In 2013, the Scientific Advisory Council of European Academies, a group of 27 national scientific academies in Europe, published a study entitled Trends in Extreme Weather Conditions in Europe. This week, the Council expanded this study to include data from 2013 to 2017.
For the initial report, the team studied the extremes in temperature, precipitation, drought and other climatic indices from 1980 to 2013. They found that the number of extreme climatic events has doubled since 1980, as well as the number of meteorological phenomena (storms), and the number of hydrological phenomena (floods, avalanches and mudflows) has increased sixfold.
Data for 2013-2017 indicate that this trend is still in force, and the number of natural disasters is not going to decrease.

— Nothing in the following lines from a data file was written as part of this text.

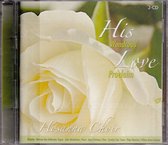 His wondrous love proclaim - Hosanna Choir o.l.v. Herman den Hollander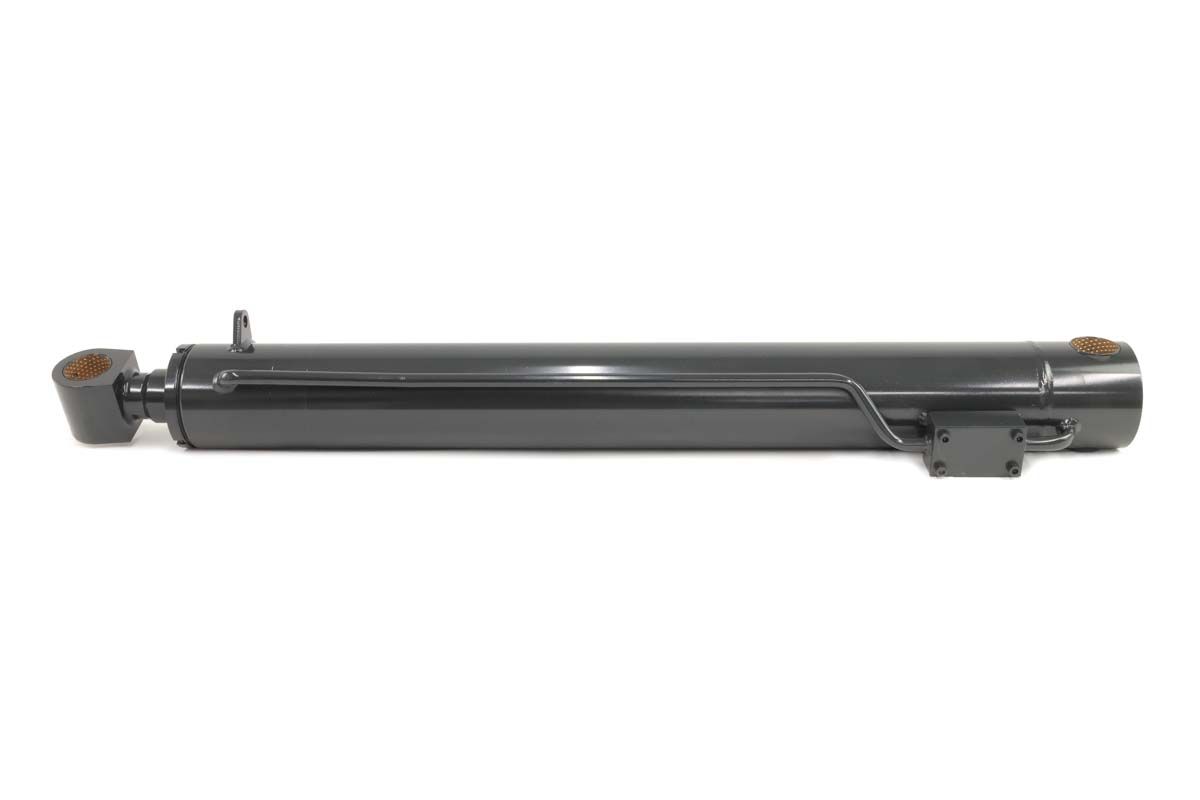 Siłownik hydrauliczny wysięgnika, 7354682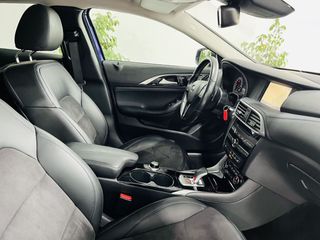 Infiniti Q30 1.5 DCI 109 CV Automático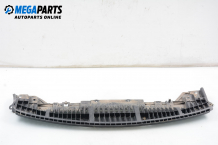 Bumper holder for Toyota Corolla (E140/E150) 1.6, 132 hp, sedan automatic, 2009, position: front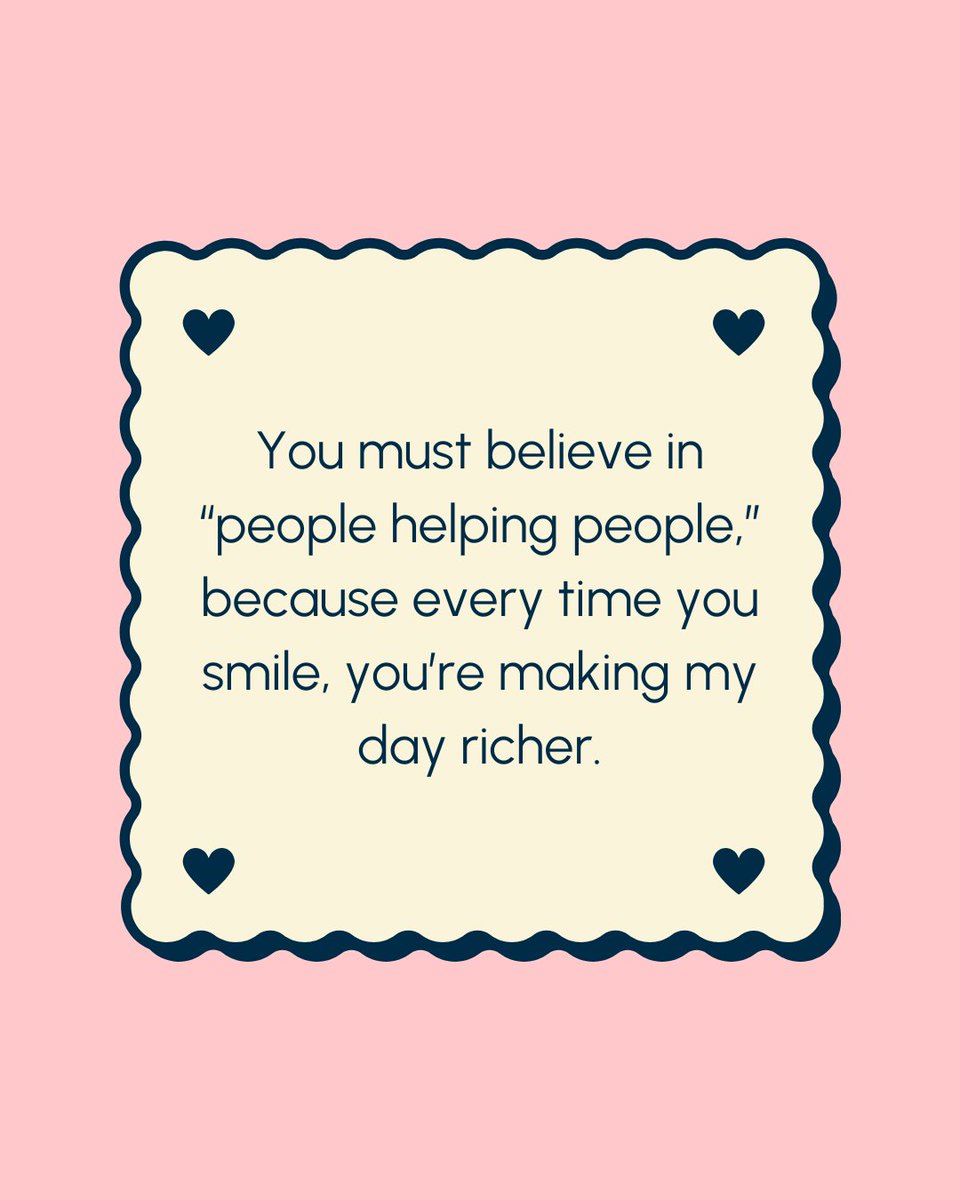 Vantage West CU tweet media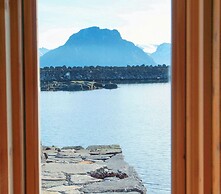 Villa Lofoten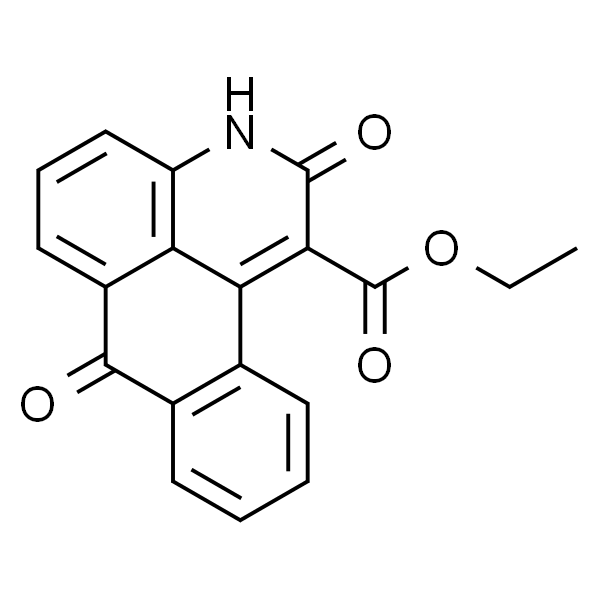 NQDI-1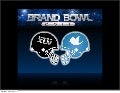 Brandbowl 2011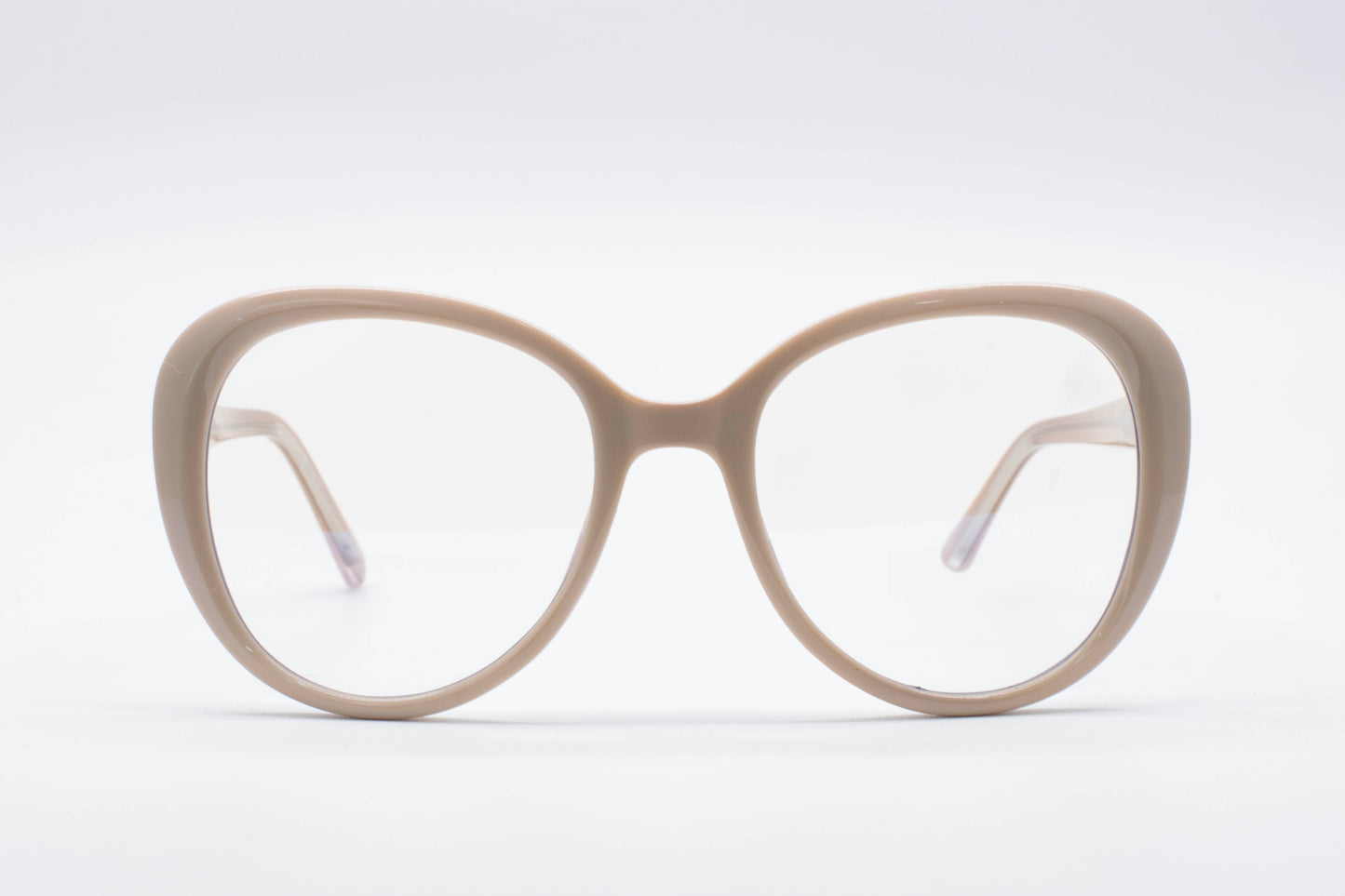 Montura de Gafas Mujer Brigitte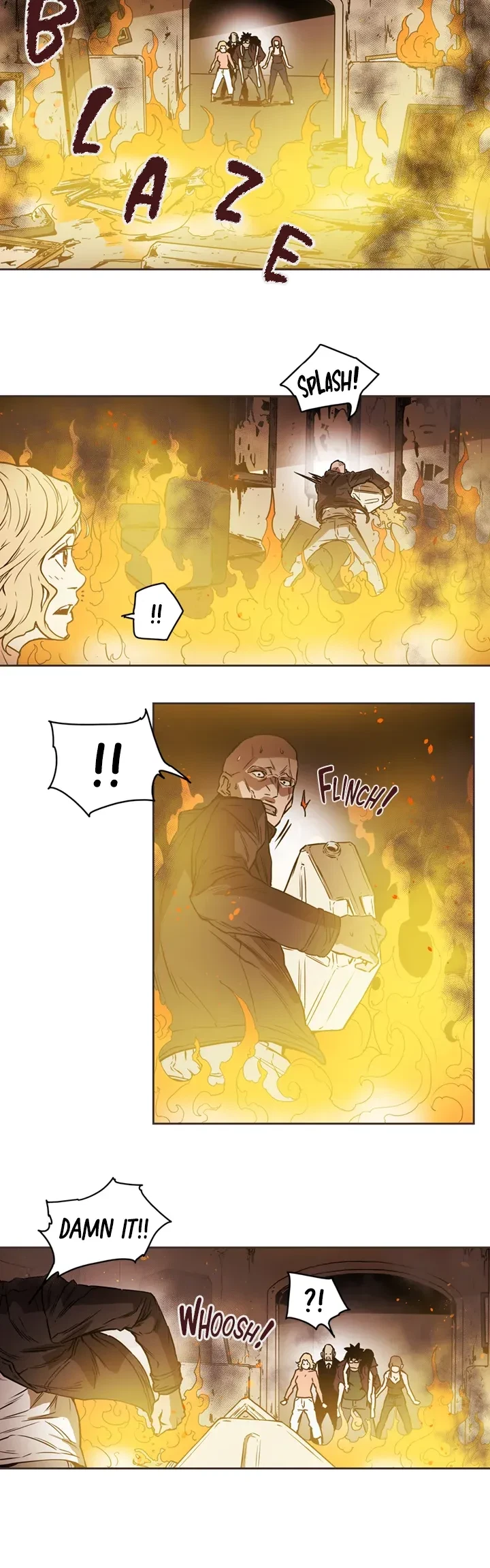 Chapter 89, page 10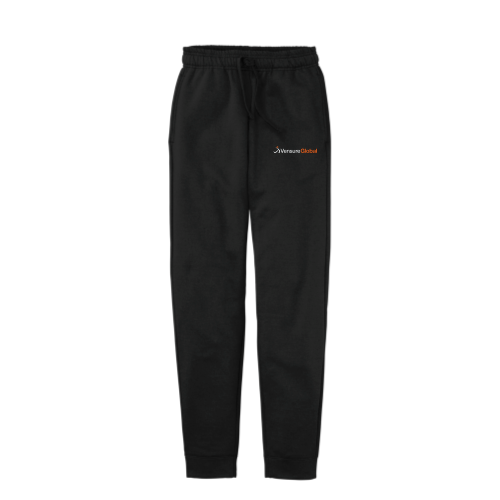 JetBlack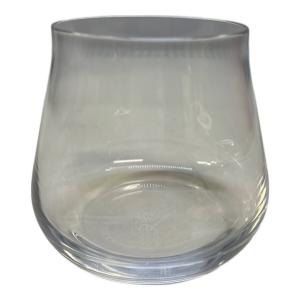 Baccarat (バカラ) グラス シャトーバカラ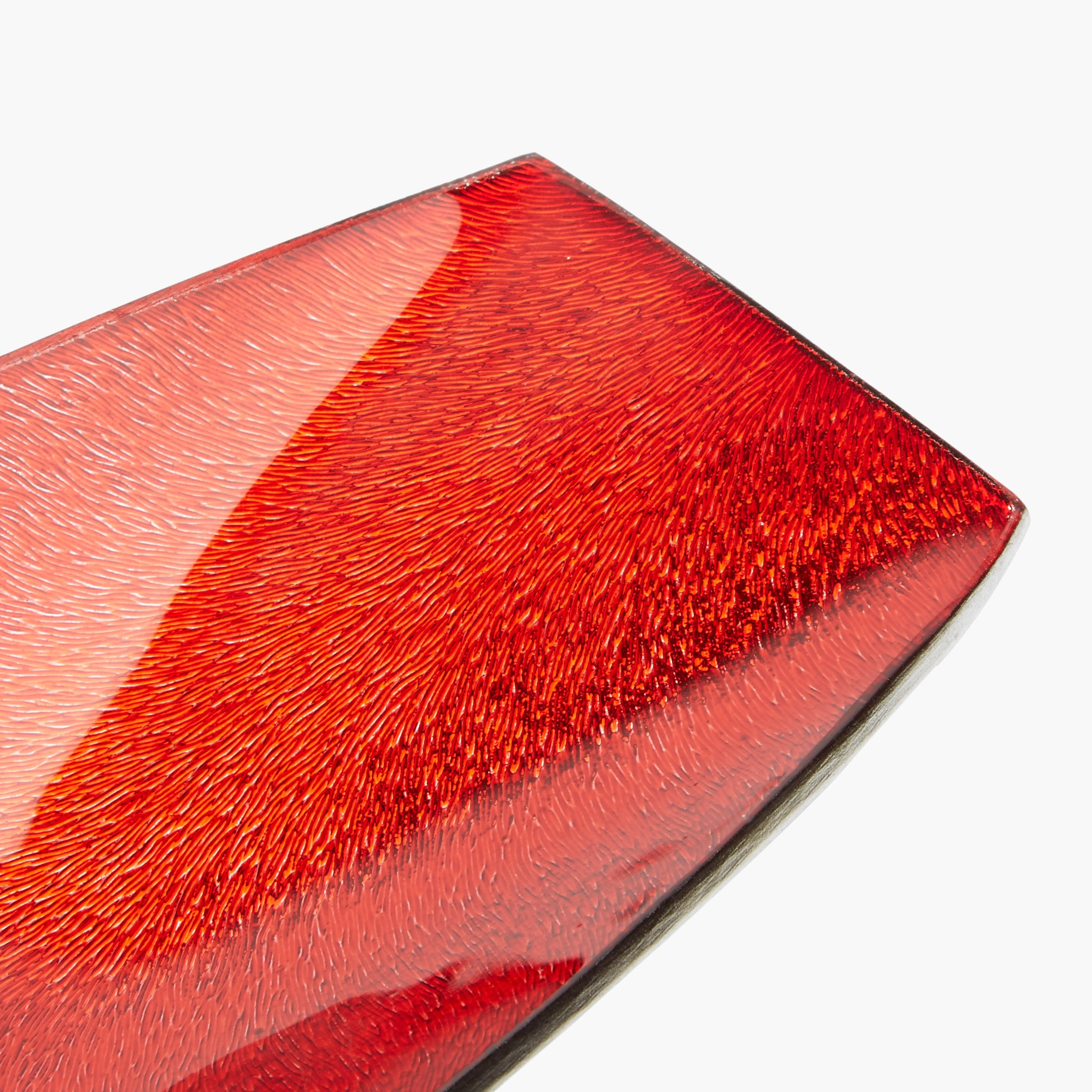 Torte Printed Plate-PROMO_HB_AE_B1G1_250925-image-2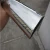 Import 304 polished profile stainless steel half round bar 316 from China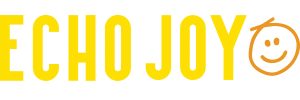 Echo Church Sticker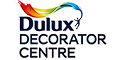 Dulux Decorator Centre折扣码 & 打折促销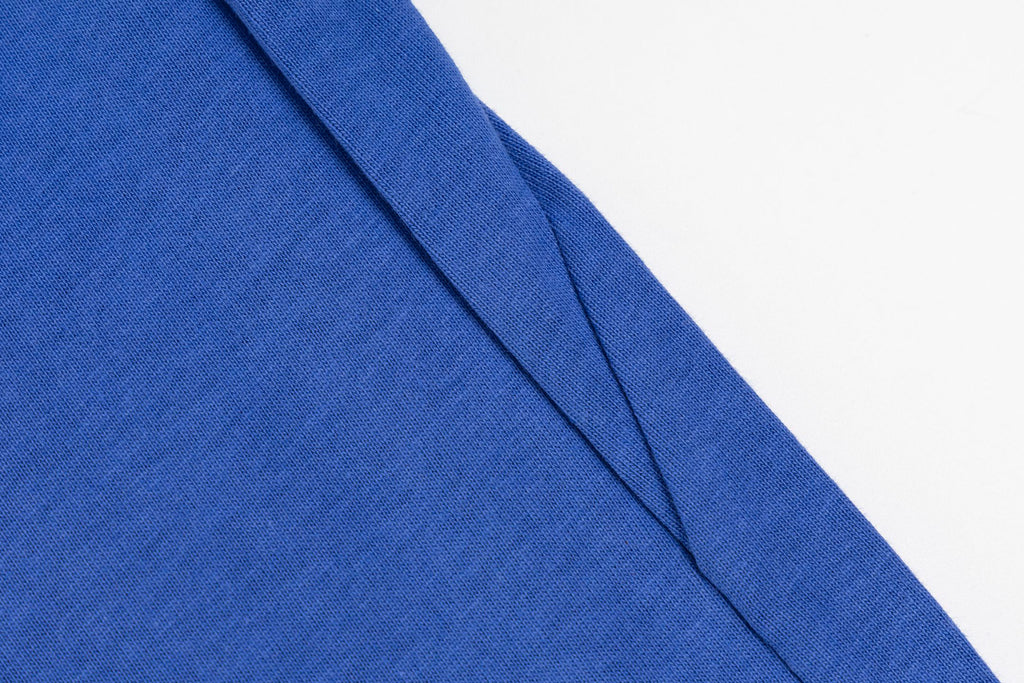 Arc'teryx Kragg SL Cotton Arc'Word Spray Bird SS T‑Shirt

The new report also gave suggestions on the reasons for this trend. These include the weakening of the Gulf Stream, which slows down with a rise in temperature on the planet. Some scientists worry that this current will disappear altogether, as a result of which the climate of Europe will radically change. The researchers who submitted this report can not say whether the Gulf Stream can disappear altogether, and offer to collect more information.
It is also interesting to note that the US lost about $ 10 billion in 1980 due to storms, whereas in 2015 this figure reached 20 billion. In Europe, despite the increased number of floods, financial losses are more or less at the same level. Researchers note that such stability can be caused not by a small amount of destruction, but by the fact that countries invest more money in preventive measures, since such natural disasters become in fact the norm of existence, and they need to be taken into account.
Thus, in Europe, such extreme environmental conditions have become so frequent that they are already taken into account at the level of compiling national budgets. As far as this is good news, it’s hard to say.